PeeledHuman: Robust Shape Representation for Textured 3D Human Body Reconstruction

Sai Sagar Jinka, Rohan Chacko Avinash Sharma P.J. Narayanan

IIIT Hyderabad

[Demo Video]

International Conference on 3D Vision, 2020

Abstract

We introduce PeeledHuman - a novel shape representation of the human body that is robust to self-occlusions. PeeledHuman encodes the human body as a set of Peeled Depth and RGB maps in 2D, obtained by performing raytracing on the 3D body model and extending each ray beyond its first intersection. This formulation allows us to handle self-occlusions efficiently compared to other representations. Given a monocular RGB image, we learn these Peeled maps in an end-to-end generative adversarial fashion using our novel framework - PeelGAN. We train PeelGAN using a 3D Chamfer loss and other 2D losses to generate multiple depth values per-pixel and a corresponding RGB field per-vertex in a dual-branch setup. In our simple non-parametric solution, the generated Peeled Depth maps are back-projected to 3D space to obtain a complete textured 3D shape. The corresponding RGB maps provide vertex-level texture details. We compare our method with current parametric and non-parametric methods in 3D reconstruction and find that we achieve state-of-theart-results. We demonstrate the effectiveness of our representation on publicly available BUFF and MonoPerfCap datasets as well as loose clothing data collected by our calibrated multi-Kinect setup.

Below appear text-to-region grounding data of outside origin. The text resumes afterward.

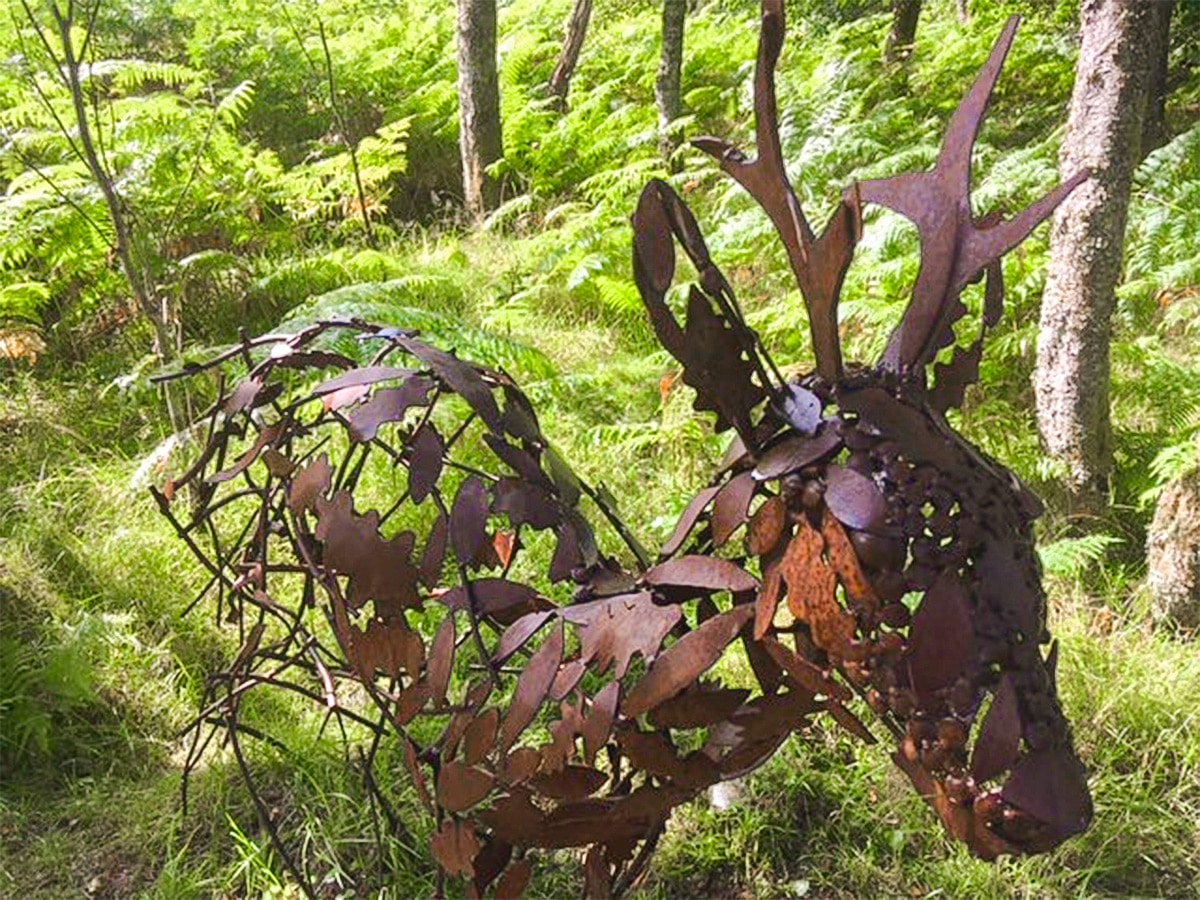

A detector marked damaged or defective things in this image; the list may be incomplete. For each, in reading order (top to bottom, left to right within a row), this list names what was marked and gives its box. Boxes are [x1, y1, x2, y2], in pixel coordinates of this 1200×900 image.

oxidized iron [155, 3, 1096, 896]
rusty metal sculpture [162, 3, 1096, 896]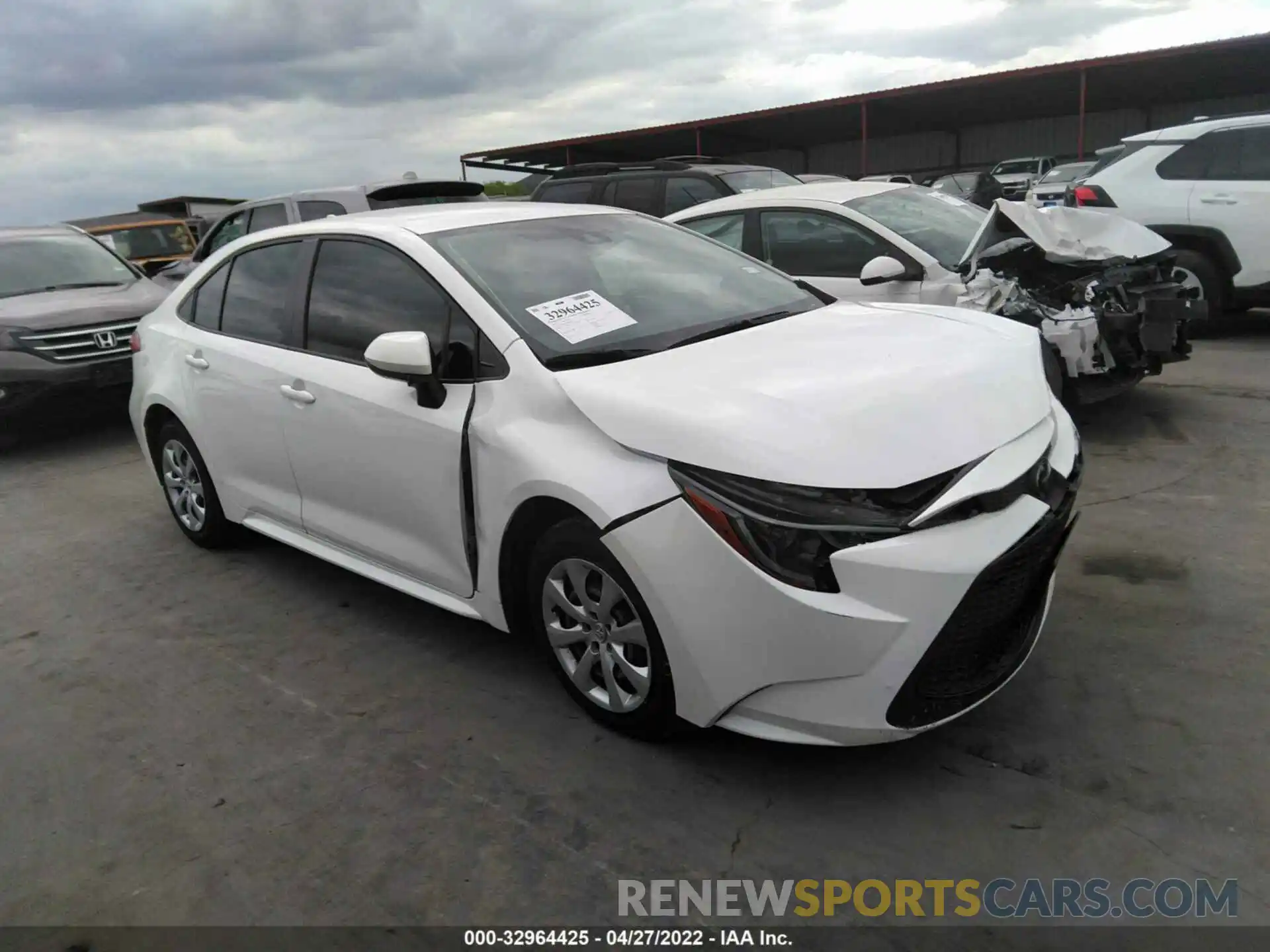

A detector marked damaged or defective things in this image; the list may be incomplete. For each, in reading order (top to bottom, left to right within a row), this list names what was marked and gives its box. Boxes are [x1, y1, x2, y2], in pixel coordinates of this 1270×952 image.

exposed crumpled hood [0, 279, 170, 333]
exposed crumpled hood [556, 301, 1051, 487]
wrecked white suv [670, 180, 1204, 403]
exposed crumpled hood [960, 199, 1168, 274]
damaged front bumper [954, 203, 1208, 403]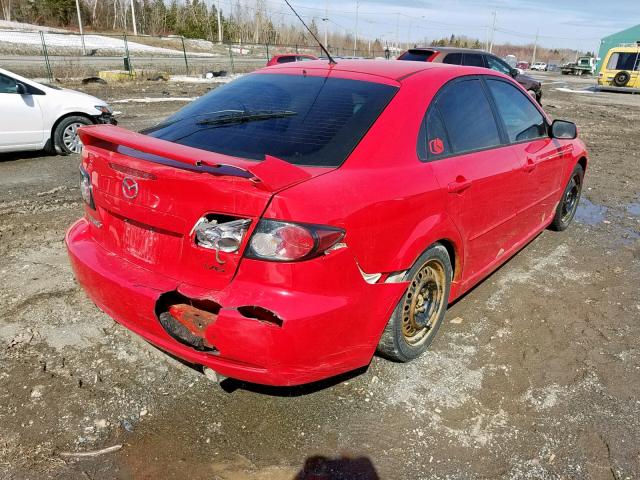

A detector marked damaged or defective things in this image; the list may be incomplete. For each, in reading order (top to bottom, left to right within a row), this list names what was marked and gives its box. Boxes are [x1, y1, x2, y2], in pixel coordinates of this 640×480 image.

damaged rear bumper [63, 219, 404, 384]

Our proposed representation encodes a human body as a set of Peeled Depth & RGB maps from a given view. These maps are backprojected to 3D space in the camera coordinate frame to recover the 3D human body.

Method

In this paper, we tackle the problem of textured 3D human reconstruction from a single RGB image by introducing a novel shape representation, called PeeledHuman. Our proposed solution derives inspiration from the classical ray tracing approach in computer graphics. We estimate a fixed number of ray intersection points with the human body surface in the canonical view volume for every pixel in an image, yielding a multi-layered shape representation called PeeledHuman. PeeledHuman encodes a 3D shape as a set of depth maps called Peeled Depth maps. We further extend this layered representation to recover texture by capturing a discrete sampling of the continuous surface texture called Peeled RGB maps. Such a layered representation of the body shape addresses severe self-occlusions caused by complex body poses and viewpoint variations. Our representation is similar to depth peeling used in computer graphics for order-independent transparency. The proposed shape representation allows us to recover multiple 3D points that project to the same pixel in the 2D image plane. Thus, we reformulate the solution to the monocular textured 3D body reconstruction task as predicting a set of Peeled Depth & RGB maps. To achieve this dual-prediction task, we propose PeelGAN, a dual-task generative adversarial network that generates a set of depth and RGB maps in two different branches of the network. These predicted peeled maps are then back-projected to 3D space to obtain a point cloud. Our proposed representation enables an end-to-end, non-parametric and differentiable solution for textured 3D body reconstruction. It is important to note that our representation is not restricted only to human body models but can generalize well to any 3D shapes/scenes, given specific training data prior.

pipeline

PeelGAN overview: The dual-branch network generates Peeled Depth (D) and RGB (R) maps from an input image. The generated maps are each fed to a discriminator: one for RGB and one for Depth maps. The generated maps are backprojected to obtain the 3D human body represented as a point cloud (p) in the camera coordinate frame. We employ a Chamfer loss between the reconstructed 3D human body represented as a point cloud (p̂) point cloud and the ground-truth point cloud (p) along with several other 2D losses on the Peeled maps.

Contributions

We introduce PeeledHuman - a novel shape representation of the human body encoded as a set of Peeled Depth and RGB maps, that is robust to severe self-occlusions.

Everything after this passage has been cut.